When Gender Bender sat down to write Cry Is for the Flies with the group, she was going through a lot — some of it related to the issues mentioned above. I asked her about this over the phone, because I was intrigued by the tone of the new album, which is as gorgeous as it is restless, dense and dark. In a relaxed, cheerful voice, she said the record was written nearly two years ago, when she’d decided to leave her family in Mexico and head for Los Angeles. It’s a snapshot of her feelings of guilt surrounding that move.
However, if this is her guilt trip, it’s great to be taken for a ride. Gender Bender’s voice has matured spectacularly in the past few years, and in songs like the opening “Burn the Scab” and the rhythmic “My Child,” she rides effortlessly over the thick, pounding waves of guitar and bass.
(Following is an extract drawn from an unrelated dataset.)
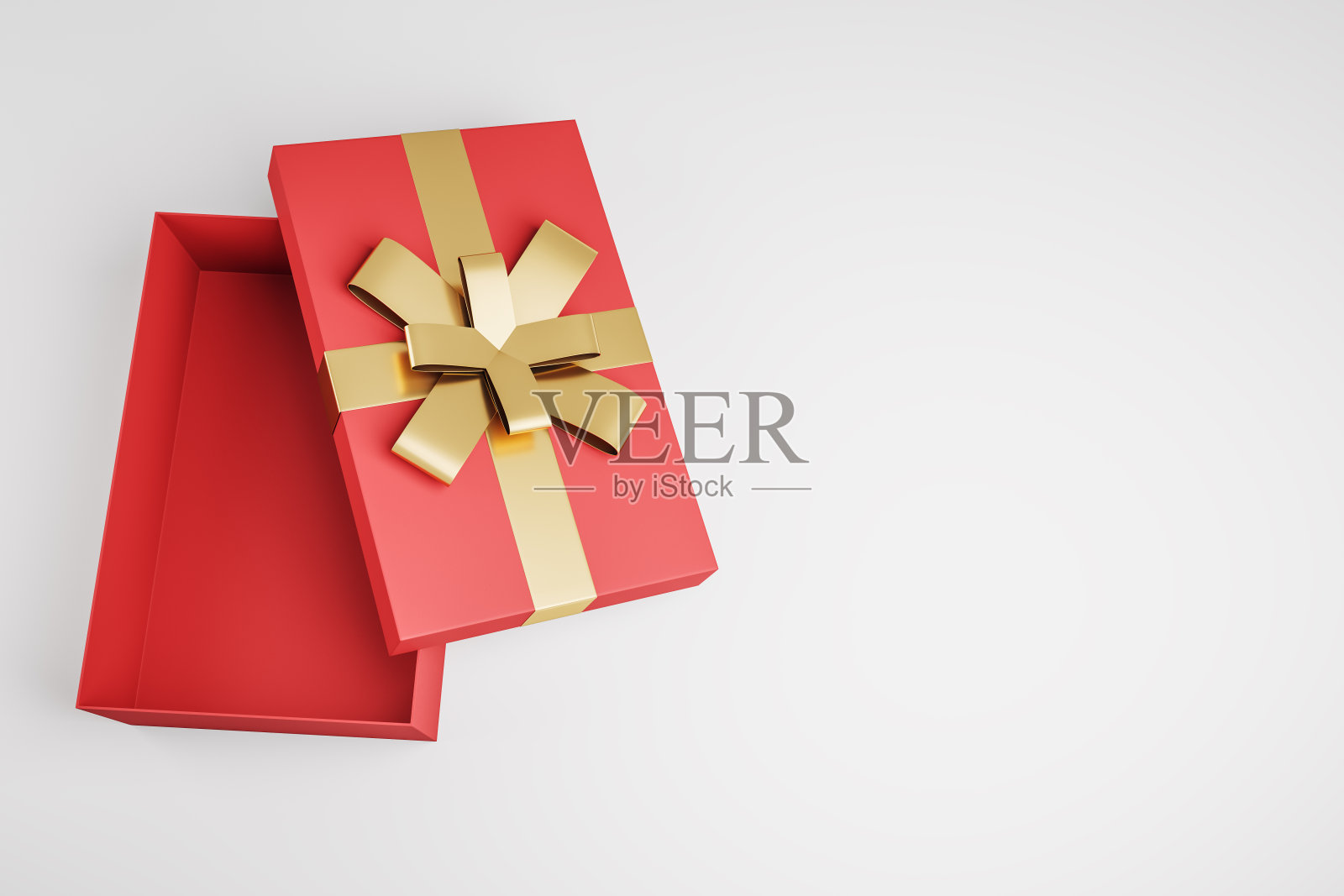 顶视图打开的红色礼物盒在白色的背景与模拟的地方。生日、结婚、周年纪念日和圣诞节庆祝活动。3 d渲染。照片摄影图片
Gender Bender, who has forged a creative partnership with Omar Rodriguez Lopez over the last few years, has spoken about how the gifted musician has mentored her, and it shows on Cry Is for the Flies. She’s always been a remarkable musician and vocalist, but she reaches new heights here.
Gender Bender has a tremendous gift for capturing feelings and emotional processes that are difficult to narrate, including guilt. It’s interesting that such a young woman — someone who grew up in the era of singles — would craft an album so beautifully narrative as a whole. There’s a frenetic pace to the first bit of Cry Is for the Flies. Then a skit, a conversation between a man and his guilt, changes the course: The next couple of songs sound almost exhausted, and the album ends on an anthemic note with “Crying for the Flies,” in which she seems relieved.
When I asked Gender Bender whether she feels weighed down by putting out an album that chronicles a different, perhaps sadder time in her life, she returned to that subject of relief: She’s glad to get this beautiful record out there after all this time.
Yes, the Latin music industry is unkind to newcomers, particularly women who dare to be different. And, yes, the U.S. music industry still eyes Latin crossovers uncomfortably. But that world is changing rapidly, and for Teri Gender Bender, it’s just the beginning of what I suspect will be a long and fascinating career.